When Samuel Jennings died in 1974, his obituary called him “Masury’s No. 1 booster.”
Since then, the memory of Jennings and what he did to earn that title have faded. A pocket park that was recently opened in Masury in honor of Jennings and his wife, Gladys, should help carry on the name for future generations.
Jennings was a “self-made man,” according to his grandson, Tim Taylor, who donated the land on which the park was built, at First and Mulberry, to the township. Newspaper stories on Jennings collected by Taylor use similar terms to describe Jennings, who built an industrial powerhouse in Masury.
But, for all Jenning’s accomplishments, his wife shares at least as much credit for their success. A 1948
story published by the Youngstown Vindicator and reprinted by the Kenton Daily Democrat quoted an
unnamed competitor who said that Jennings consulted with his wife “on practically every major
A 1958 Vindicator story described Jennings as a man who “lives, breathes and eats” business, and called
him “a restless man of great ambition” who chewed on 16 cigars a day to ease the tension.
Taylor similarly remembered his grandfather as “A guy that was always working.”
Jennings was born Nov. 6, 1903, in Washington, Pa., to Samuel and Hester Jennings, but the family
moved to Locust Street in Masury when he was a baby.
The elder Jennings worked as a foreman for Petroleum Iron Works, which later became part of the GATX
plant in Masury, and the son started work there at age 11, sorting rivets.
Jennings lost his job during the Great Depression, and used his savings to set up a shop in his garage in
1930. He made and sold to the Vindicator home newspaper delivery tubes. He approached the Isaly Co.,
which had a store in Masury, with an idea for making metal ice cream spoons, and soon was supplying
them with spoons, trays, ice cream cabinets and other items.
The business grew as Jennings spent time on the road selling his products, and he built the two
manufacturing facilities that now are owned by Eddie Kane Steel. Jennings Manufacturing Co. eventually
made large items for steel and rubber manufacturing and other heavy industries.

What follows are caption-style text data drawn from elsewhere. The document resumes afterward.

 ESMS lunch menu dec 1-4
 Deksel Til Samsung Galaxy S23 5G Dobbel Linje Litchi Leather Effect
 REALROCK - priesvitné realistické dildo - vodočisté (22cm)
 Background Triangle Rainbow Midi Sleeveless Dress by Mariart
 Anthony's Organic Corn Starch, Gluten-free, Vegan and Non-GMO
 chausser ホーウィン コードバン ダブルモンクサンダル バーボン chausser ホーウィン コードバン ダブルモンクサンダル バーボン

During World War II, Jennings Manufacturing made parts for military landing boats.
Mrs. Jennings was born Gladys Cowdery in Niles, and planned to be a teacher before meeting her
husband. They married in 1922. She worked for the business as vice president and secretary, sharing her
husband’s office space.
Jennings built a home on Locust, across the street from his father’s. He and Gladys had four daughters, including Taylor’s mother, Beverly, who married Kenneth Taylor.
Taylor recalled that his grandfather didn’t like to be away from the office for long. On a typical day,
Jennings would go to work early, come home for supper, and often go back to work.

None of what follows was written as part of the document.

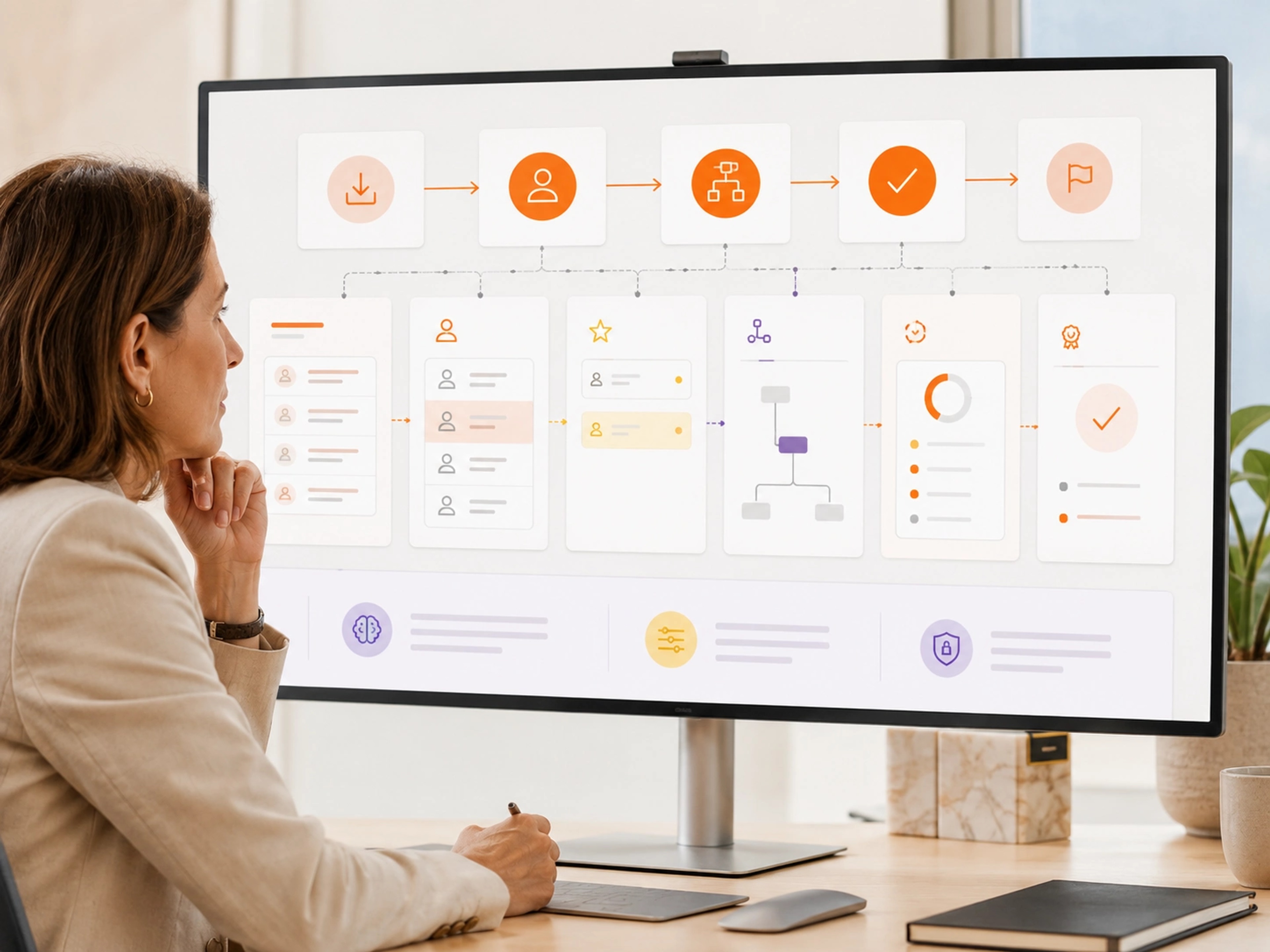Develop a Custom System visual showing project management workflows, system connections and accountable operating control | Flashyminds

“I don’t have time for anything except my work,” Jennings told the Vindicator. “It’s the most romantic
thing a man ever did.”
Taylor worked for his grandparents from 1973-80, doing labor, sweeping, operating an overhead crane,
working in the layout department and making patterns. On days when Taylor worked midnights, it wasn’t
unusual for his grandfather to come in to the plant in the wee hours of the morning to deal with some
issue that had arisen, Taylor said.
Jennings’ concern for his workers led to him build houses that were rented at low cost, primarily on
Locust, Chestnut and Oak streets. Taylor has original photographs of some of the homes just after they
had been built, some with explanations handwritten by his grandfather.

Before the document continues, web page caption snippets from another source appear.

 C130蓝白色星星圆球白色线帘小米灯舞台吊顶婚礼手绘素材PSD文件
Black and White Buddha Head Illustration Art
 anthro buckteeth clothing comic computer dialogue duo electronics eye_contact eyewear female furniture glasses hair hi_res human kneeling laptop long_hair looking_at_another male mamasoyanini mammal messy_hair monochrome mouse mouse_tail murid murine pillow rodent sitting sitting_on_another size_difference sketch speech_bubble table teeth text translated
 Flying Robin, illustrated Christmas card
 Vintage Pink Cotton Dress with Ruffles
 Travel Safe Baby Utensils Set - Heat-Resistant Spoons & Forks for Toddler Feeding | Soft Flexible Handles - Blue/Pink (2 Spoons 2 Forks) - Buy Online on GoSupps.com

“My grandfather built quite a few houses in Masury for the workers.”
Jennings also bought the old Elm Street School and converted it into apartments, Taylor said.
After Jennings died, his wife became company president. She sold the business to Koppers Co. Inc. of
Pittsburgh, which had been a major Jennings customer, in 1975.
Taylor inherited the land on which the park was built from his grandfather, but “I didn’t really want to put
anything on it.” He kept the lot mowed and let kids play on it.
Taylor said the prospect of donating the land for a park was “a no-brainer. I thought it would be a nice
way to continue my grandparents’ legacy.”